* Assigned task
Your task is to restate exactly the lines from the one holding "Zu sehen sind" to the end of the entries below, inclusive.

Crawled caption data:
◇ ◇ ◇ ◇ ◇

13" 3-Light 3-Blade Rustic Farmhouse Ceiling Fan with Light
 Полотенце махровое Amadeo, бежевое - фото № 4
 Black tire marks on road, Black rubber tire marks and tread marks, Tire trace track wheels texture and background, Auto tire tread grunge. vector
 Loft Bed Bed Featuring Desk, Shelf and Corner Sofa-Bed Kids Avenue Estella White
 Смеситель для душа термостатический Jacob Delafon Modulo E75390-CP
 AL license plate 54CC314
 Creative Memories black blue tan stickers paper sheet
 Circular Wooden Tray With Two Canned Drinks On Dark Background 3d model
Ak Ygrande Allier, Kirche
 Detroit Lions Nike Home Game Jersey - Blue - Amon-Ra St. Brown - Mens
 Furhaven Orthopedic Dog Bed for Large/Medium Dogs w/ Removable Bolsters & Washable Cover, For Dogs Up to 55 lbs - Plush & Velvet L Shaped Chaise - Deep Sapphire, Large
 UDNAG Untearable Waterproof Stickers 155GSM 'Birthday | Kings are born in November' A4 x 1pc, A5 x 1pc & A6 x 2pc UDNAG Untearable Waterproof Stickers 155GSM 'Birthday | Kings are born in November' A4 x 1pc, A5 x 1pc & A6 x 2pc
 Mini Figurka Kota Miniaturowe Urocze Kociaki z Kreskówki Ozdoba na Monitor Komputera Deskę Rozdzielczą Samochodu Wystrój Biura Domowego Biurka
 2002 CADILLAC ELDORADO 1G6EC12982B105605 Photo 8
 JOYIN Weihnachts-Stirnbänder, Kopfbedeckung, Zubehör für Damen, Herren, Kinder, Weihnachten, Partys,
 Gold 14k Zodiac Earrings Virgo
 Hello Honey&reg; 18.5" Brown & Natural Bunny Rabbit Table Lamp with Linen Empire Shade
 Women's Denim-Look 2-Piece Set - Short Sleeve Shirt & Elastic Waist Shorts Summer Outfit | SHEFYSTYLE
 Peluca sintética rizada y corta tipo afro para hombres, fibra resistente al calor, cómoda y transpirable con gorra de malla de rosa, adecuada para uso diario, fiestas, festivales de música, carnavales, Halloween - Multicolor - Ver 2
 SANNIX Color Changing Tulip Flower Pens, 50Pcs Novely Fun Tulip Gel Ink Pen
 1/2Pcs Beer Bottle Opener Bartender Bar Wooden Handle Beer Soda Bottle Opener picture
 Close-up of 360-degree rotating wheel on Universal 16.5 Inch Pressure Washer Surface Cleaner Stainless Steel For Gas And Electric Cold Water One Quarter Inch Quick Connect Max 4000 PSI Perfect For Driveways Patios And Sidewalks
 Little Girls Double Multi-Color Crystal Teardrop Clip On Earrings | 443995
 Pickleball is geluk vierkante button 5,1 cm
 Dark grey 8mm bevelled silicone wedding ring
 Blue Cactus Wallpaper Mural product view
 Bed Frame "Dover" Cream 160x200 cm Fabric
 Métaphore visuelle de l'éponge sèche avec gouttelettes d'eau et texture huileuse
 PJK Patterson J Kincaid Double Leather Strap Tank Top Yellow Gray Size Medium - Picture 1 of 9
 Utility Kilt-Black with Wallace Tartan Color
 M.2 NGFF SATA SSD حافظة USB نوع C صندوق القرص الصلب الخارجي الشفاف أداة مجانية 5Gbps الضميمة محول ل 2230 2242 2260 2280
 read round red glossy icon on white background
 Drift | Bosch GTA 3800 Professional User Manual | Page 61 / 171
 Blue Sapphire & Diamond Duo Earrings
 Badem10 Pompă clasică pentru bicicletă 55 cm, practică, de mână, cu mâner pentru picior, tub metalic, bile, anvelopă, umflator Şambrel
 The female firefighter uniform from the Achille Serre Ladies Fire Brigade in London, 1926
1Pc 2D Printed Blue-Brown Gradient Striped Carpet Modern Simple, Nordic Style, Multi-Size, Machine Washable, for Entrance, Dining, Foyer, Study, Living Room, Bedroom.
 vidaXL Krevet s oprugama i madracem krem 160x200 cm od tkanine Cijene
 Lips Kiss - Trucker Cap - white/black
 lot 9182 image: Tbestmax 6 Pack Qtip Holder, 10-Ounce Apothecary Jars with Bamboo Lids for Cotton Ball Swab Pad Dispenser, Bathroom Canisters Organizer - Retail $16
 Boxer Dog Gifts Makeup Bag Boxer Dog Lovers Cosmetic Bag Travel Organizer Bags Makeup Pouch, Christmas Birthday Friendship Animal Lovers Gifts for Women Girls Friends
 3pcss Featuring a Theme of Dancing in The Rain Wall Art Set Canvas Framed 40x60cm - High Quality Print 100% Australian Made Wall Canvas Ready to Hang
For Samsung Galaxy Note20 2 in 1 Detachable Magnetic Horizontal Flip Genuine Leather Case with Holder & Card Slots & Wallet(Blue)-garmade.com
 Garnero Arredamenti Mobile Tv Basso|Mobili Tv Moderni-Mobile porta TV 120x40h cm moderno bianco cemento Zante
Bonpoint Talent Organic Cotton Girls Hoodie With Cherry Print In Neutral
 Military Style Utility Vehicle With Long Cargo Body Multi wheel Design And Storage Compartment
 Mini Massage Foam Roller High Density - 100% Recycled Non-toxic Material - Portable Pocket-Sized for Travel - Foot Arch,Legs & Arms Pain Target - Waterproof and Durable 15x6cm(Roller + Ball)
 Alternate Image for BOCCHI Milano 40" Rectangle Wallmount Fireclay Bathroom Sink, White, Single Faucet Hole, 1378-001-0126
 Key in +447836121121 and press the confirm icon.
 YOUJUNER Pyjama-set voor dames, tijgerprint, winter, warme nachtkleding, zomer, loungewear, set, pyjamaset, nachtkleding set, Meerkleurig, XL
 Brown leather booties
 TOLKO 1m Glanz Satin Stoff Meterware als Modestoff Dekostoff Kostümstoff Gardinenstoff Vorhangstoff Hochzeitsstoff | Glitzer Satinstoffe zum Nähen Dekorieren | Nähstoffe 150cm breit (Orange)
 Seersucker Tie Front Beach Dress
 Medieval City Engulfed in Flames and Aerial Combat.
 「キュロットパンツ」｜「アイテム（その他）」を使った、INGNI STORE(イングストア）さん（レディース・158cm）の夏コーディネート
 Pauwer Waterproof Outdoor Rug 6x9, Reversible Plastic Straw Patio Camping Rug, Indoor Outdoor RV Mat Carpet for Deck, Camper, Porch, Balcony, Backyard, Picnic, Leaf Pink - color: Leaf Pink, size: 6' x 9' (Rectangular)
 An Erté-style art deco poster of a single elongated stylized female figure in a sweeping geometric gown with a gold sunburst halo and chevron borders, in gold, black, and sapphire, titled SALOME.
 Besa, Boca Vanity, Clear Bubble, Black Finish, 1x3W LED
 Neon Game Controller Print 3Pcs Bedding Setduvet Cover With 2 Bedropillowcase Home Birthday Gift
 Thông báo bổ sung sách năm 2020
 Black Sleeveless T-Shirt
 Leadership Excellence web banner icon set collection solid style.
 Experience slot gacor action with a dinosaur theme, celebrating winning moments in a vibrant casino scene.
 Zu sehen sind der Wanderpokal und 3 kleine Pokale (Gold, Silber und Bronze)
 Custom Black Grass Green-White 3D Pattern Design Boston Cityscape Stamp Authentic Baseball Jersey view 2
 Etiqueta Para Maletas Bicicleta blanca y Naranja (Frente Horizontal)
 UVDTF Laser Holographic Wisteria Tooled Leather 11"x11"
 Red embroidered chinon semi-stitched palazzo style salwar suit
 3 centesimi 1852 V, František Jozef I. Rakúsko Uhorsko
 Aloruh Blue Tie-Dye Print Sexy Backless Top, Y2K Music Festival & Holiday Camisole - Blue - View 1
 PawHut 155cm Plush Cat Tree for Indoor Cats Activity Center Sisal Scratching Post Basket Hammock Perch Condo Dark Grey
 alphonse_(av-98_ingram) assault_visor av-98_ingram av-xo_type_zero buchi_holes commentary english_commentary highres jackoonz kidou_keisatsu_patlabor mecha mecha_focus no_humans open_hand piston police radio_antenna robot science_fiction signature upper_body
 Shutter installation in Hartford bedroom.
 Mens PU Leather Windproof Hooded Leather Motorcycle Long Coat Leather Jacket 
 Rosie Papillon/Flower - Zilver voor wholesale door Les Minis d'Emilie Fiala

◇ ◇ ◇ ◇ ◇

* Expected answer
 Zu sehen sind der Wanderpokal und 3 kleine Pokale (Gold, Silber und Bronze)
 Custom Black Grass Green-White 3D Pattern Design Boston Cityscape Stamp Authentic Baseball Jersey view 2
 Etiqueta Para Maletas Bicicleta blanca y Naranja (Frente Horizontal)
 UVDTF Laser Holographic Wisteria Tooled Leather 11"x11"
 Red embroidered chinon semi-stitched palazzo style salwar suit
 3 centesimi 1852 V, František Jozef I. Rakúsko Uhorsko
 Aloruh Blue Tie-Dye Print Sexy Backless Top, Y2K Music Festival & Holiday Camisole - Blue - View 1
 PawHut 155cm Plush Cat Tree for Indoor Cats Activity Center Sisal Scratching Post Basket Hammock Perch Condo Dark Grey
 alphonse_(av-98_ingram) assault_visor av-98_ingram av-xo_type_zero buchi_holes commentary english_commentary highres jackoonz kidou_keisatsu_patlabor mecha mecha_focus no_humans open_hand piston police radio_antenna robot science_fiction signature upper_body
 Shutter installation in Hartford bedroom.
 Mens PU Leather Windproof Hooded Leather Motorcycle Long Coat Leather Jacket 
 Rosie Papillon/Flower - Zilver voor wholesale door Les Minis d'Emilie Fiala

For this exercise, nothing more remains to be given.